Start of Supplied material

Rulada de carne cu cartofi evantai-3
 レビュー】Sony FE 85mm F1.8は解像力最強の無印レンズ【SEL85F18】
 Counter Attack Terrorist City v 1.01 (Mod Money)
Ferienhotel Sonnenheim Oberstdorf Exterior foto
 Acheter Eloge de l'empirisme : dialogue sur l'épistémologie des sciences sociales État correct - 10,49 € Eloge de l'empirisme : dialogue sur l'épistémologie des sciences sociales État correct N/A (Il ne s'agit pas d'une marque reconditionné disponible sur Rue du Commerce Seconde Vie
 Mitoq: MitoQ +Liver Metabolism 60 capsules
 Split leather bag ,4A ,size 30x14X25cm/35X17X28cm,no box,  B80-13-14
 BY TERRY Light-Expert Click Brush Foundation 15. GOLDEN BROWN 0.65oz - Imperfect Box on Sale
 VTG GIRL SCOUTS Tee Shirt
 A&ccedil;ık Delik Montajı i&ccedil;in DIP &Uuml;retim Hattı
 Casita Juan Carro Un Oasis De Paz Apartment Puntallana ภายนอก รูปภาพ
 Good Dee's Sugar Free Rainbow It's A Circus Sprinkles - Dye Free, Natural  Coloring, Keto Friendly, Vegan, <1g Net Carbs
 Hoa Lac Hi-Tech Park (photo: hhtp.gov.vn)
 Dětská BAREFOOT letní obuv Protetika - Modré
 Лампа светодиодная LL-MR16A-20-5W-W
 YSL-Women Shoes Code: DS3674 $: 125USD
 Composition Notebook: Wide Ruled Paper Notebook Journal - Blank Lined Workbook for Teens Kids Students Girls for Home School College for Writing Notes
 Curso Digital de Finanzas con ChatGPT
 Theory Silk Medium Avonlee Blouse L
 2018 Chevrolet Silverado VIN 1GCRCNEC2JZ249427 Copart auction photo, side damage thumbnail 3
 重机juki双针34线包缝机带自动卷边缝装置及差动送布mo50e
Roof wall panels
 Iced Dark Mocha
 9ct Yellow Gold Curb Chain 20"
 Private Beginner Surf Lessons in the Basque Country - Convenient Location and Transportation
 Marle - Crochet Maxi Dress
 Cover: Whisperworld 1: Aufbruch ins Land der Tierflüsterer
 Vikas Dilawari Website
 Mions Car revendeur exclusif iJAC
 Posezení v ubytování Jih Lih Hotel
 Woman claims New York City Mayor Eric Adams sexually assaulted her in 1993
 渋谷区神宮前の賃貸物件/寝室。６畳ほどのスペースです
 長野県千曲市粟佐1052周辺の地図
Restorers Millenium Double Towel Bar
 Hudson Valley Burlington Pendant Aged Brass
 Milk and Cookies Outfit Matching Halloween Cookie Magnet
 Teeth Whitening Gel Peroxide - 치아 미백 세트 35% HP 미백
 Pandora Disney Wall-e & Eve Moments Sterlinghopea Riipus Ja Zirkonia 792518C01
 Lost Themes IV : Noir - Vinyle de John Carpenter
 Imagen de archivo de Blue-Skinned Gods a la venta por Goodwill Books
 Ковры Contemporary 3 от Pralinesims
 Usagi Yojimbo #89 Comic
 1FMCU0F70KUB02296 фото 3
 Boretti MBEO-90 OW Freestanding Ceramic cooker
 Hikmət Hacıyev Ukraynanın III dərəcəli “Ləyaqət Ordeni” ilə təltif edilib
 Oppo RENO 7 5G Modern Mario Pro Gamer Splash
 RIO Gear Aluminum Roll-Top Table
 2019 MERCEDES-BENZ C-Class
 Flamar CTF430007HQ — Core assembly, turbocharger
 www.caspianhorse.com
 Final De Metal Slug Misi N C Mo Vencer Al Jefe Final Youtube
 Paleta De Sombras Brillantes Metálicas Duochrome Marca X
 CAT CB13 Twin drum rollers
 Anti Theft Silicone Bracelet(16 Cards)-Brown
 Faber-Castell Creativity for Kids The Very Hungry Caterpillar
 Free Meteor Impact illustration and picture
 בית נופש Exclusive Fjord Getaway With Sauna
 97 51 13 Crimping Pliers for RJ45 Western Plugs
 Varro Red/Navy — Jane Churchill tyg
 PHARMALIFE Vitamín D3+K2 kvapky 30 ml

End of Supplied material

- [About this exercise] Lines in the data containing the string "photo" are to be counted; give that number alone.

- [Answer box] 2